I didn’t move to Costa Rica for its beaches or rainforests. I moved for a man—Daniel, my high school sweetheart. It sounds like a cliché straight out of a reality TV show, but this was my reality. A self-proclaimed feminist, I grew up believing I could be anything. I fought for a unisex ice hockey team in high school, not to play, but to prove I could. I built a career that took me across the U.S. and the globe, furnishing apartments from grandma’s hand-me-downs to Crate and Barrel orders. Independence defined me.

Reconnecting with a Dream

Daniel and I reconnected in 2023 via a Facebook message I nearly missed while hunting for a Milo Baughman dining set. He was in California, I was in Arizona—close enough to rekindle what we’d lost after high school. He shared his dream of building an eco-lodge in Costa Rica’s Sarapiqui, on a hill perfect for his vision but terrible for cattle. He’d been traveling there for a decade as a wildlife photographer and tour leader. When he asked me to join him, I balked. I had a Volvo, a career I’d clawed my way through, and a Master’s degree earned on weekends. Leaving it all for a high school sweetheart’s dream? Unthinkable.

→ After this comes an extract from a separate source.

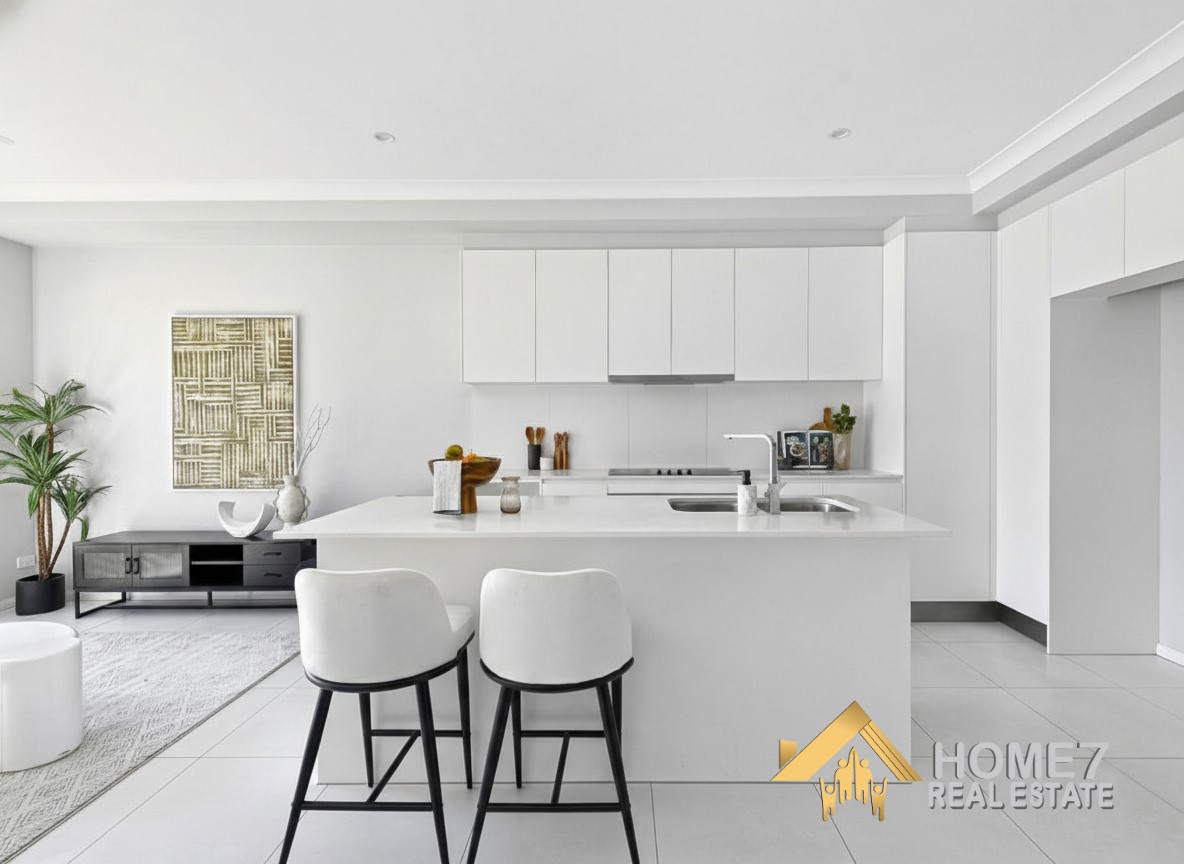 11A Tallawarra Road Leumeah NSW 2560 (3).jpg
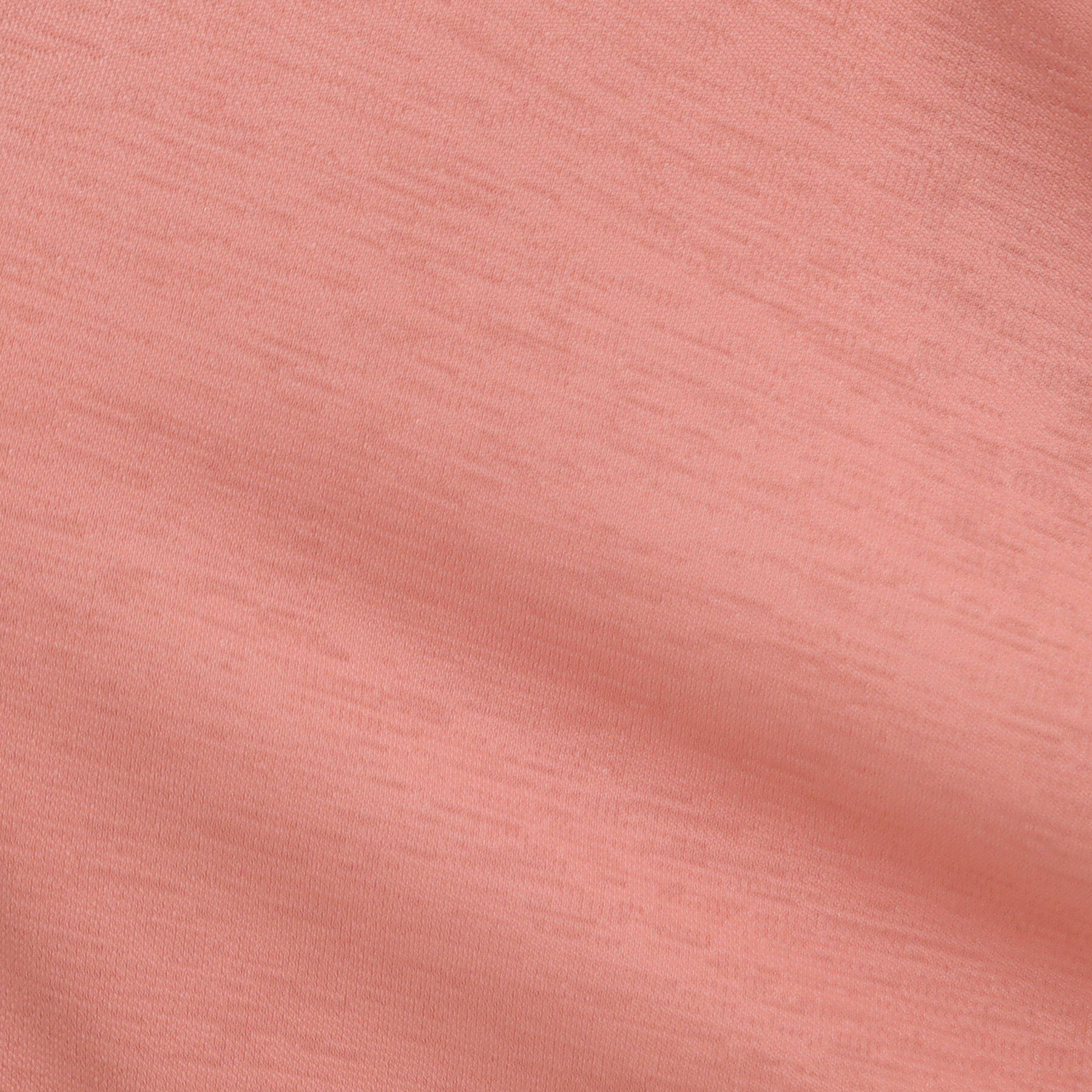 SHOO･LA･RUE「【ひんやり/UV/さらさらタッチ】女性らしさ漂う 5分袖ボレロカーディガン」|カーディガン|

Over a year, Daniel brought me to Costa Rica four times. I saw the hill, met his friends, tried gallo pinto, and stumbled through Spanish. But it was his dream, not mine—until I got laid off.

A Turning Point

The layoff wasn’t a surprise, but I’d ignored the signs. By Tuesday, I was jobless. By Friday, Daniel and I eloped. The following week, I was in Costa Rica—not for a vacation, but to live. We set up a mosquito net in a shelter for building materials and called it our bed. A Kohler showerhead I’d lugged on the plane became our bathroom, rigged to a water tank. A battered Suzuki Samurai replaced my Volvo. We settled not on the expat-heavy coasts, but in a remote jungle village with only two other Americans within 30 miles.

Facing the Reality

My family and friends were shocked. This wasn’t my dream. But here’s what I hadn’t admitted: I had no dream left. I’d hit career milestones, traveled the world, and built a life I loved. What was next? A promotion? Another career pivot? I wasn’t settling—I was comfortable enough to stop running. The layoff was a dead end, and for the first time, I chose a destination without fleeing something else: a life with Daniel in a foreign land.

Lessons from the Jungle

Costa Rica isn’t the idyllic escape I imagined. It’s exhausting—construction crews with a “Pura Vida” schedule, prices rivaling Los Angeles, and streets without names. The jungle backdrop feels like “Avatar,” with giant plants and colorful birds, but also torrential rain and bizarre festivals where kids march with lantern-like cooking pots and Pokémon. Yet, I’ve learned I can:

  • Shower outdoors without hot water (though I don’t love it).
  • Sleep in an open-air garage with palm-sized bugs.
  • Thrift in foreign cities with limited Spanish to furnish a hotel.
  • Build a business.
  • Learn a language.
  • Leave everything behind.

Most importantly, I’ve learned I can do it with someone else—a challenge even reality TV struggles to capture.

A New Chapter

Is this feminist? I’m too tired to care. Unlike corporate America, building a business in Costa Rica exhausts me to my core. But it’s a risk I chose, not one I ran from. This chapter, set against Costa Rica’s wild beauty, is about love, reinvention, and finding purpose when the dreams you had are done.